Saturday, November 17, 2012

Adventure Pigs

A fine fall day for piglet adventuring in the garden.

Saturday, October 13, 2012

New Piglets!

Rosy's first litter of piglets arrived this weekend.  Eight total - all born alive and healthy.  We woke up on Saturday morning and there were eight little Tamworth/Hampshire cross piglets romping and nursing.  Rosy is very careful with these little ones, careful not to step on or crush them.  Guess this is why these heritage Tamworths are reputed to be such good mommas.  Good job, Rosy!

Friday, September 7, 2012

Rosy, the queen of the farm

Pregnant Tamwroth sow Rosy likes to lounge in the middle of her dinner, nibbling on corn, cucumbers and zucchini, taking cat naps in between, snoring sonorously.

zzzzzzzzzz ...

Tuesday, May 15, 2012

Our New Boar

Our new boar Hector hails from a small farm up north in Penasco.  He is a Hampshire cross.  We've raised Hector from a wee little piglet.  He is a very friendly and happy fellow with an enormous personality.  As you can see, this gentle boar enjoys a good belly scratching.

The American National Swine Registry notes this is probably the oldest American breed of hogs.
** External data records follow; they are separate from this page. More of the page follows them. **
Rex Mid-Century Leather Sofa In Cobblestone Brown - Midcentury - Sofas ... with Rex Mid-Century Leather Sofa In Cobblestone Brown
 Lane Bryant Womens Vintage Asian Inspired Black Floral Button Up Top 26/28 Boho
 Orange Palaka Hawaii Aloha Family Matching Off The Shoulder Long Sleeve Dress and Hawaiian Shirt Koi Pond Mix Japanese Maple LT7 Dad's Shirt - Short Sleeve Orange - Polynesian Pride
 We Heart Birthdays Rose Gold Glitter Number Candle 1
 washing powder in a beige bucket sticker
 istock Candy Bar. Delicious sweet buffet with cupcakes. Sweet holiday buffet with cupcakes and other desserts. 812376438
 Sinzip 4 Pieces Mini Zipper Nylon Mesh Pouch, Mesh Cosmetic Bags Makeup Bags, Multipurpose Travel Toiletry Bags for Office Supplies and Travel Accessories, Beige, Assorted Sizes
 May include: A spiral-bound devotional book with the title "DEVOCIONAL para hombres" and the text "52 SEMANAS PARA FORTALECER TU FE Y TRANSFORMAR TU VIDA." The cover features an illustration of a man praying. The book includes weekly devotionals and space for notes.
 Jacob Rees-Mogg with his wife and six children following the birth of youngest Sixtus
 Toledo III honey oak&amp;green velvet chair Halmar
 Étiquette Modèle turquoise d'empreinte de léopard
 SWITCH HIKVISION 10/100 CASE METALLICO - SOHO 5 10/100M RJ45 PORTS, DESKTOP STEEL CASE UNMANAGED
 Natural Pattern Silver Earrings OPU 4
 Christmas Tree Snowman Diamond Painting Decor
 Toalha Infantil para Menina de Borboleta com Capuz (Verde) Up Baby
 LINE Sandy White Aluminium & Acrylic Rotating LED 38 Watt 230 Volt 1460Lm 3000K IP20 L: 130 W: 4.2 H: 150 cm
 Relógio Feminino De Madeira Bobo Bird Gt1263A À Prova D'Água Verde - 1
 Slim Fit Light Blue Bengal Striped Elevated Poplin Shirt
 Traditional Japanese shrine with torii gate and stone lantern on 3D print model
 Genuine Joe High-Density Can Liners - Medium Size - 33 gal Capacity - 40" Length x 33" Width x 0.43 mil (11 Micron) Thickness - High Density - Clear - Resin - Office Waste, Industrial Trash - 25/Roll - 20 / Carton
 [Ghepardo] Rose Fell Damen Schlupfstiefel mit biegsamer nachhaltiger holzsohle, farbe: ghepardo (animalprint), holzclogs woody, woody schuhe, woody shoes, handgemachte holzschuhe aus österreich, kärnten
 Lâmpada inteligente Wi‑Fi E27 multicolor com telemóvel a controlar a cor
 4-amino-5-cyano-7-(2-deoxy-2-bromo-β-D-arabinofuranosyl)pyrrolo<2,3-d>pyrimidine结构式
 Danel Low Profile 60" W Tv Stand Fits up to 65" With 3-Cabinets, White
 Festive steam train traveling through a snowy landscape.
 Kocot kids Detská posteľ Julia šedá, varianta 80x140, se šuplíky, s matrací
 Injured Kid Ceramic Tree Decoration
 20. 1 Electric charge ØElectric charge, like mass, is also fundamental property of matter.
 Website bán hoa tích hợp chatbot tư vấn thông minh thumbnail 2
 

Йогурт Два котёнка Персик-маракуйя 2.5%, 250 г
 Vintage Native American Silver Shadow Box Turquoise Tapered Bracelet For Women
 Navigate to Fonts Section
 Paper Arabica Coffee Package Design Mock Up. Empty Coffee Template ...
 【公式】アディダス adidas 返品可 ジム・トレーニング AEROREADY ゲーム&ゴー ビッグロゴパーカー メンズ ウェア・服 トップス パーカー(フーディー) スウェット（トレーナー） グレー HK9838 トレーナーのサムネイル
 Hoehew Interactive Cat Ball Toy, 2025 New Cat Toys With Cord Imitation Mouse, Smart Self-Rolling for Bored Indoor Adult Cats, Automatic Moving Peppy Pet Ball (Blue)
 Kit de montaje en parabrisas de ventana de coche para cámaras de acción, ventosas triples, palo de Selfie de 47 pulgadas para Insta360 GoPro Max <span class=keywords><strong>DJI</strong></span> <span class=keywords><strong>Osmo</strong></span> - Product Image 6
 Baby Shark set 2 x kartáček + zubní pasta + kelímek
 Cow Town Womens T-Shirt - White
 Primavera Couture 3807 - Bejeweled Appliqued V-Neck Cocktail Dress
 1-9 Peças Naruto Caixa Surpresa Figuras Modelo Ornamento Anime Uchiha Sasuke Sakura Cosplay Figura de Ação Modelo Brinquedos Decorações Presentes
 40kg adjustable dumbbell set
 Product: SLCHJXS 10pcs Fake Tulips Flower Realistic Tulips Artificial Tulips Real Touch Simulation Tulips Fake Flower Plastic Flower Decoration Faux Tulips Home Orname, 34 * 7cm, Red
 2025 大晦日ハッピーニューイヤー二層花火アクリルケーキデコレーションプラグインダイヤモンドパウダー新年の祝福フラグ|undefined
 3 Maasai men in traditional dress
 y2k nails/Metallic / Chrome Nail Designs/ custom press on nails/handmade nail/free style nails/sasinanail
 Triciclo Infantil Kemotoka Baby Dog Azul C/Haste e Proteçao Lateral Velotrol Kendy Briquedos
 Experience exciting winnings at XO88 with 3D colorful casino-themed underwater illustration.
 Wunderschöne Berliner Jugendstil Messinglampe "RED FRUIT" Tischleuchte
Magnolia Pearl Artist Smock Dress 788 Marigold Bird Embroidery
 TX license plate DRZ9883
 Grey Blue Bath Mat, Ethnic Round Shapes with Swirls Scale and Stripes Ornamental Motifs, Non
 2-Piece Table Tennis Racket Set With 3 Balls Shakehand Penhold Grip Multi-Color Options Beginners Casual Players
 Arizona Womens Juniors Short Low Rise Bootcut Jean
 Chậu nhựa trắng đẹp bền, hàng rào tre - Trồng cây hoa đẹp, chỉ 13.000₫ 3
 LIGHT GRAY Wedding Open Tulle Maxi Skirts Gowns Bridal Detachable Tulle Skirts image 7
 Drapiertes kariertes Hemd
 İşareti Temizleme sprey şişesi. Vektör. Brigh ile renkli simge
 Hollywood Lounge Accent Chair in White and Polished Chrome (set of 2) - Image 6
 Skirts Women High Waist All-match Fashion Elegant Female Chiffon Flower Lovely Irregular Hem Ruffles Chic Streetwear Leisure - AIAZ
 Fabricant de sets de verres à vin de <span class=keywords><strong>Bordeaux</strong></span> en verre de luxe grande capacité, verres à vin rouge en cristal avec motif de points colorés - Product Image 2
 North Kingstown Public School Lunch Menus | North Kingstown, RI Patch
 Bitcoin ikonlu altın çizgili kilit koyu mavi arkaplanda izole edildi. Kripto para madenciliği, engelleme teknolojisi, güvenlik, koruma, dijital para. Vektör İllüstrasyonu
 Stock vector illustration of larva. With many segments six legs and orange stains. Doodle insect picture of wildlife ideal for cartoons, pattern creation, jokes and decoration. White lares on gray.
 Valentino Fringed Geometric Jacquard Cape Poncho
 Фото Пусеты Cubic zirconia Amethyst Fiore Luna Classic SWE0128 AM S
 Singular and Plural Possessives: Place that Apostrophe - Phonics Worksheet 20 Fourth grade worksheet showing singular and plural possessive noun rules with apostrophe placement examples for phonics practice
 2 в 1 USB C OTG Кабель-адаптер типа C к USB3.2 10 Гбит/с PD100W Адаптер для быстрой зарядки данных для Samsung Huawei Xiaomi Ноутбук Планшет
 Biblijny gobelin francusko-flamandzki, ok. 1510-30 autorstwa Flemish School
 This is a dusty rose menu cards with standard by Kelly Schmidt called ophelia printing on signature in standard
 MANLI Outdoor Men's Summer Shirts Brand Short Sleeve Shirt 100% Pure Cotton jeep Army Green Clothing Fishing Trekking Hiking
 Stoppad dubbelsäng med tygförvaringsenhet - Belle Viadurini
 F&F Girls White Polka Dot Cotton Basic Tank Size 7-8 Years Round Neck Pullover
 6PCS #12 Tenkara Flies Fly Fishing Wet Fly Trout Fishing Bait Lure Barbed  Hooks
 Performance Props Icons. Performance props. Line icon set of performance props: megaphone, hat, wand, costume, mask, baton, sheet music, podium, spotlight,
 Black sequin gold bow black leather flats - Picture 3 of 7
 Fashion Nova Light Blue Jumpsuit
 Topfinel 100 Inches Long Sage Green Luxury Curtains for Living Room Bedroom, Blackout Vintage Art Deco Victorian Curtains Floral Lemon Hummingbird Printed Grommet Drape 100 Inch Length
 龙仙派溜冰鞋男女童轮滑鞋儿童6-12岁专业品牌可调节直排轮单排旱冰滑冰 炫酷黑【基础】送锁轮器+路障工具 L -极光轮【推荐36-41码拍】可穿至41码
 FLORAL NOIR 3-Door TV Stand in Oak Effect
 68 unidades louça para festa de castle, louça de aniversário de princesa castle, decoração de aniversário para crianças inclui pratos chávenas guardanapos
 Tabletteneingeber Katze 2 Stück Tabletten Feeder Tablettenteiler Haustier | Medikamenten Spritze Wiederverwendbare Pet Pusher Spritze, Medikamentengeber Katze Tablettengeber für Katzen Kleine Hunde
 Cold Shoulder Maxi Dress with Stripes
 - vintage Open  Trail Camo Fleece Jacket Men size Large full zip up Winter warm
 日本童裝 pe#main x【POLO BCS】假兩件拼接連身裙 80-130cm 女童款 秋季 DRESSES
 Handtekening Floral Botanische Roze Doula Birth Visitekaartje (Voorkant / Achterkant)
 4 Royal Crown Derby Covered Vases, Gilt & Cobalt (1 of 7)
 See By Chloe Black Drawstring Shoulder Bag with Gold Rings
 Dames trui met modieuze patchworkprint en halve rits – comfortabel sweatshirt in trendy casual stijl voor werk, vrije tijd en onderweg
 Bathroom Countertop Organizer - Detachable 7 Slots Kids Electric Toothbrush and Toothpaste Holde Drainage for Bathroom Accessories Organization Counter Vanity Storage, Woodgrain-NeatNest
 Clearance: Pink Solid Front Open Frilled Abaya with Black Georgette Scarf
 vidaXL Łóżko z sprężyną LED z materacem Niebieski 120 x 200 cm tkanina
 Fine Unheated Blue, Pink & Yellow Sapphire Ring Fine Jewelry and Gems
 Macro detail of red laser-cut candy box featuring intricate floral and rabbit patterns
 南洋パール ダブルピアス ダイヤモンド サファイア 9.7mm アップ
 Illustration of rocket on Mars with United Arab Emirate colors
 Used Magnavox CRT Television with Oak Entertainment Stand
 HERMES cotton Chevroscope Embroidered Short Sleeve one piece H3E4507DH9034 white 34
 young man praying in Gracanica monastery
Importations of this hog breed were thought to have been made from Hampshire in England between 1827 and 1839.   Hampshire hogs are noted for being well-muscled and rapid growers, and for exhibiting good carcass quality when used as meat animals.

Meet Rosy - Our New Tamworth Sow

Rosy is a Tamworth.  She's a year old.  Usually, she is quite a serious pig, but here she is all full of herself on a cool spring afternoon.  The Tamworth is among the oldest of pig breeds but as with many older breeds of livestock they are not well suited to modern production methods.  Long, lean, and athletic, the Tamworth is probably the most direct descendant of the native pig stock of northern Europe.

The Tamworth was traditionally considered a “bacon” breed, meaning that the pigs thrived on low energy foods but grew slowly. They produced meat and bacon that was lean and fine grained. The breed has an excellent carcass yield of up to 70% due to their fine bones creating a more productive meat to bone ratio for finished meat products. The breed is listed as "Threatened" in the United States by the American Livestock Breed Conservancy.